1975 MG Midget 1500 "Mobile Gastronomy"
2004 Chevrolet SSX "Purple Flamer"
2004 Ford Mustang
Do you have any oily residue in with the coolant after you run it or it sits?

ShawnaNana Avatar
Shawna Nelson
Mound, MN, USA   usa
We haven't gotten it running yet, still needs a little work. There was no oil in the coolant, though. Also, the guy I bought it from rebuilt the engine within the last 5 or so years, so the head gasket should be good. Hopefully I'll be able to work on it a bit on Christmas and get more answers then.

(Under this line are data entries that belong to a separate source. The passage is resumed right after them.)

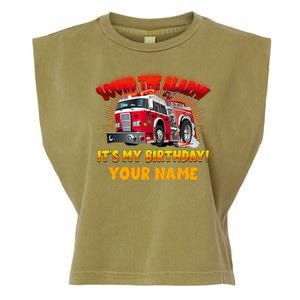 Custom Name Funny Sound The Alarm It's My Birthday Firetruck Garment-Dyed Women's Muscle Tee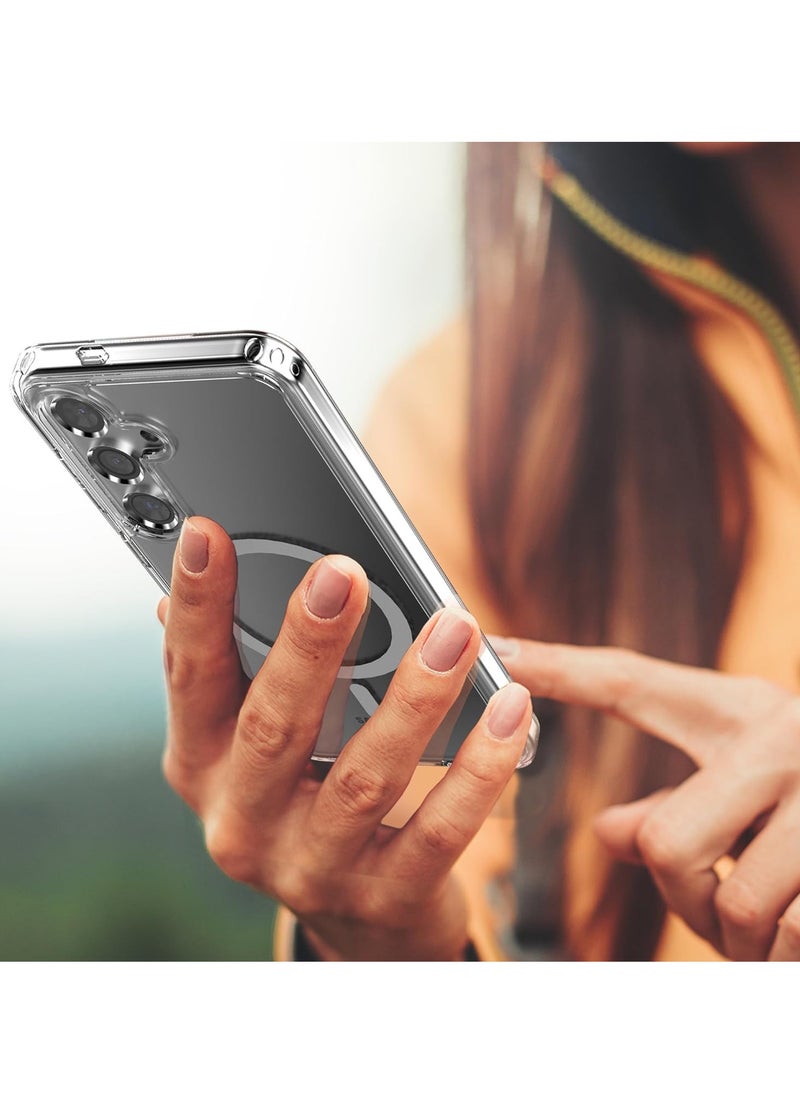 كيس - حافظة لهاتف Samsung Galaxy S24 Plus (2024) متوافقة مع MagSafe، غطاء مغناطيسي للشحن اللاسلكي (شفاف كريستالي) - Image 1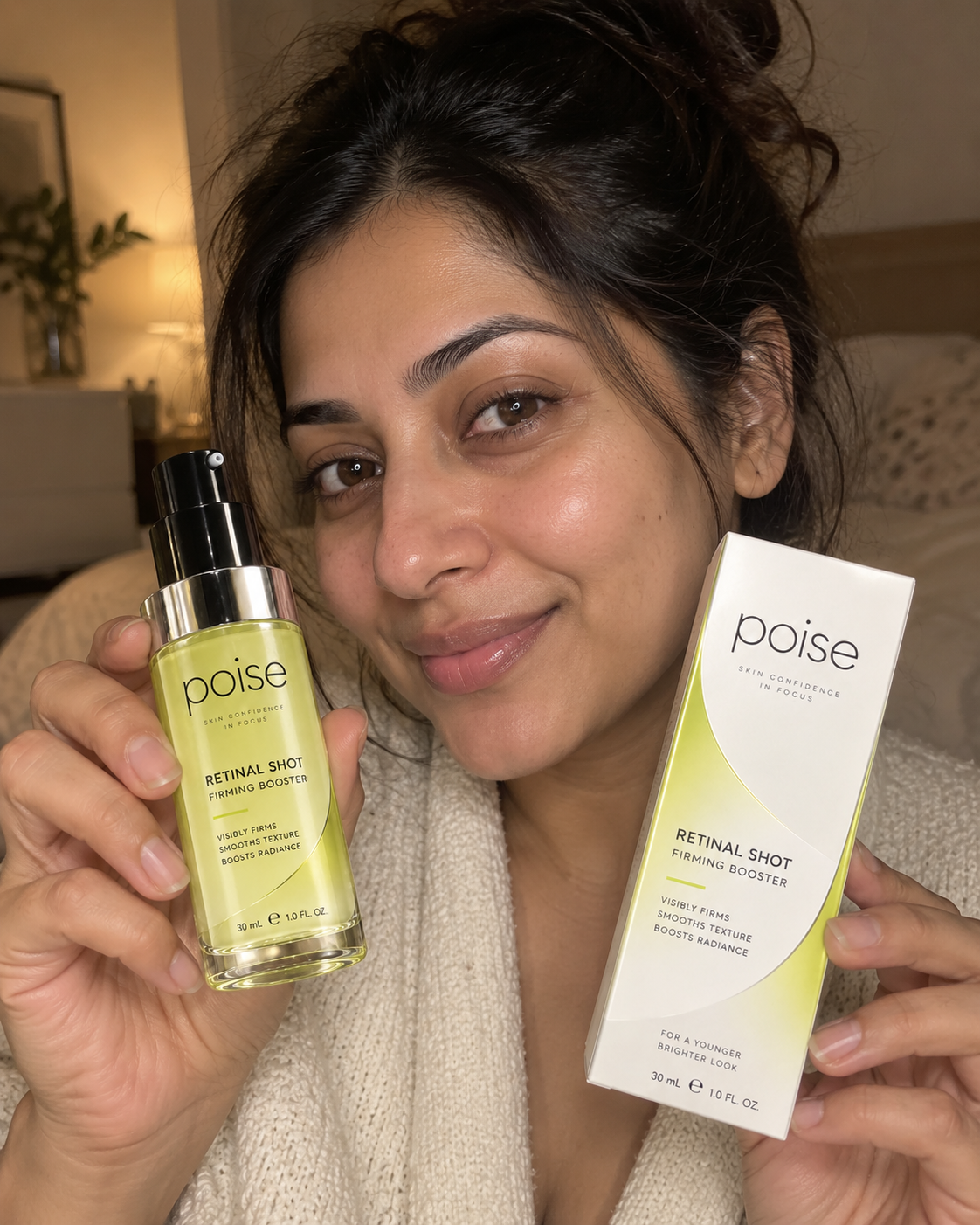 Priya holding Poise Retinal Shot Firming Booster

Thanks again! smiling smiley

7mg2 Avatar
Andrew Hardie
Calgary, Alberta, Canada   can
1969 MG MGC GT "Mr "C""
1972 MG Midget MkIII
Get it running and up to operating temperature. Taking it on a short drive is best if you can to get it hot.
THEN do a complete oil and filter change. 10'30 is good for the winter, 20/50 for summer.

Condensation can form in the engine and form a sludge if the engine is repeatedly run for short periods. The motor doesn't ever warm enough to dissipate moisture. With no oil in the coolant you might be golden, but coolant in the oil can cause the gunk/sludge too, so after changing the oil, keep an eye on things. If the oil on the dipstick gets a milky color to it, coolant is likely getting into the oil. So long as the oil doesn't get milky, and the only "gunk" is on the oil cap you're likely ok. Clean it off and see if it comes back over time.
As long as the motor is getting up to temperature you should be ok. If it doesn't get warm, your thermostat may be stuck open and will need replacing.


NAMGBR# 20-7738
AMGCRA# 1678

jamesm5858 Avatar
James Moore
Kent, Ohio, USA   usa
You have introduce a new variable into the equation. I wonder why an engine that was rebuild in the last 5 years would not run. Many posters have weighted in on your problem, all with good possbilities. You need to get the engine running to really see what the problem. Sludge is caused by a break down of the oil due to high temps, and poor maint. A recent rebuild does not necessarly mean it was done right.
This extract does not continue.